Disk striping is the process of dividing a body of data into blocks and spreading the data blocks across multiple storage devices, such as hard disks or solid-state drives (SSDs). A stripe consists of the data divided across the set of hard disks or SSDs, and a striped unit, or strip, that refers to the data slice on an individual drive.
Storage systems vary in the way they perform data striping. For instance, a system may stripe data at the byte, block or partition level, and it can stripe data across all or only some of the disks in a cluster. For instance, a storage system with 10 hard disks might stripe a 64 KB block on the first, second, third, fourth and fifth disks and then start over again at the first disk. Another system might stripe 1 megabyte (MB) on each of its 10 disks before returning to the first disk to repeat the process.
Pros and cons of disk striping
The main advantage of disk striping is higher performance. For example, striping data across three hard disks would provide three times the bandwidth of a single drive. If each drive runs at 200 input/output operations per second (IOPS), disk striping would make available up to 600 IOPS for data reads and writes.
The disadvantage of disk striping is low resiliency. The failure of any physical drive in the striped disk set results in the loss of the data on the striped unit, and consequently, the loss of the entire data set stored across the set of striped hard disks.
Disk striping and RAID
Redundant array of independent disks (RAID) uses disk striping to distribute and store data across multiple physical drives. Disk striping is synonymous with RAID 0 and spreads the data across all the disk drives in a RAID group without parity. Disk striping without parity is not fault tolerant.
Disk striping without RAID may be used for temporary data, scratch space, or in situations where a master copy of the data is easily recoverable from another storage device.
Disk striping with parity
To address the potential for data loss with RAID 0, a RAID set typically uses at least one stripe for parity. The parity information is commonly calculated by using the binary exclusive or (XOR) function and stored on a physical drive in the RAID set. If a storage drive in the striped RAID set fails, the data is recoverable from the remaining drives and the parity stripe.

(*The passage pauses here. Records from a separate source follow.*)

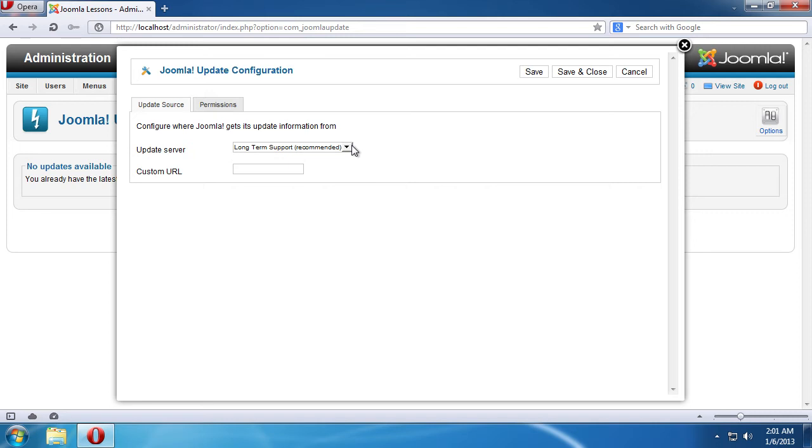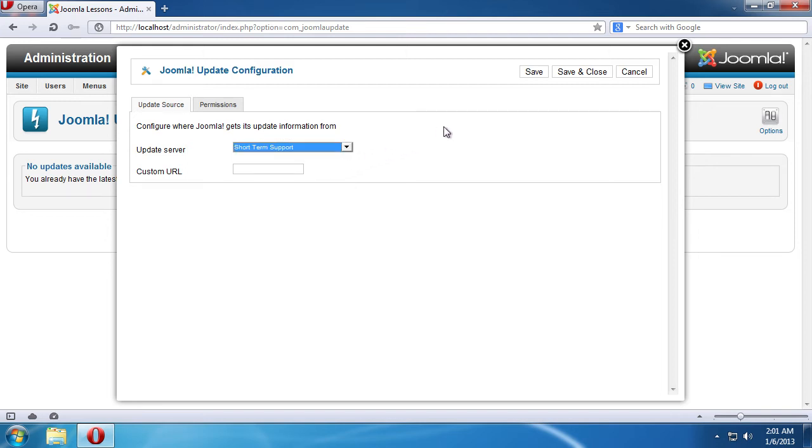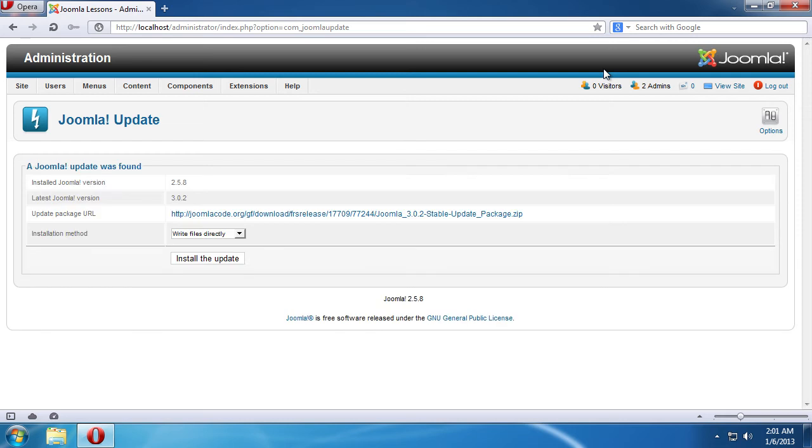In the pop-up window, go to the Update server. Choose Short-term support from the drop-down menu and press the Save & Close button in the upper right corner of the window.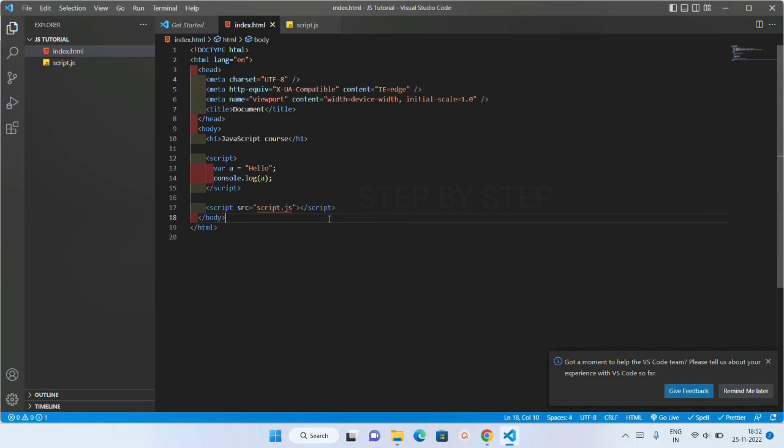This is all about how to execute JavaScript. I have not shown Node.js yet — in the next session we are going to set up Node.js, download and install it, and then see how to execute JavaScript using Node.js. That's all for this session. Next session we are going to see about Node.js.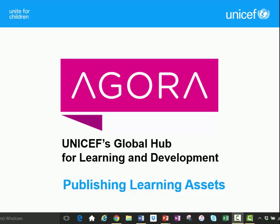Agora, UNICEF's global hub for learning and development, provides a simplified way to publish learning assets.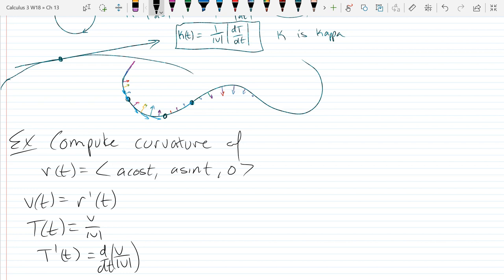As long as you go step 1, 2, 3 in the order I have it written out, you should be okay. Compute v and magnitude of v first. The magnitude should simplify with trig very nicely, since sine squared plus cosine squared equals 1.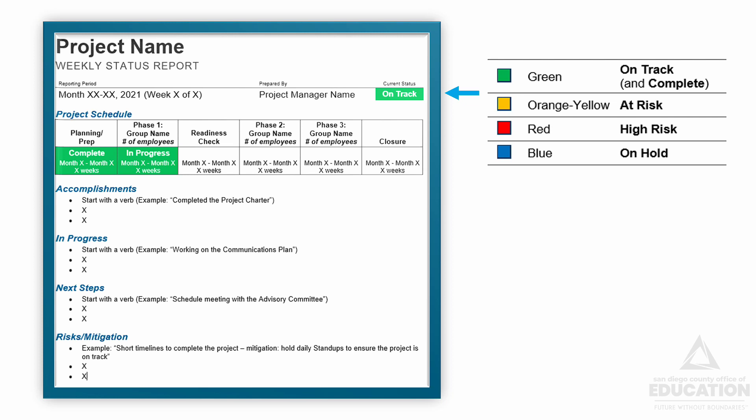I do want to point out that this status should be accurate. I know how tough it might be to stop and say, you know, we're going from green on track to red high risk, but we want to call that out now before the problems become bigger and more difficult to correct. If you're changing the status here, have a conversation with your steering committee and your sponsor about why this is happening and what can be done to get back on track.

For a data set with n drives, the data might be striped on drives n through n-minus-1, and the nth drive would be reserved for parity. For example, in a RAID set with 10 drives, data could be striped to nine drives, and the 10th drive would be used for parity.
Disk striping with RAID provides redundancy and reliability. RAID 4 and RAID 5 protect against a single drive failure. RAID 6 uses two drives for parity and protects against two drive failures. Data protection can be extended beyond two storage device failures using erasure coding.
One disadvantage of disk striping with parity is the performance penalty for small random writes, as the system accesses all the stripe units in the striped RAID set.
Disk striping and disk mirroring
Disk striping can be combined with disk mirroring, or RAID 1, to speed performance and expand capacity by striping data across multiple sets of mirrored drives. The disadvantage of disk striping with mirroring is the 50% overhead inherent in using half the capacity to make an exact copy of the data for protection.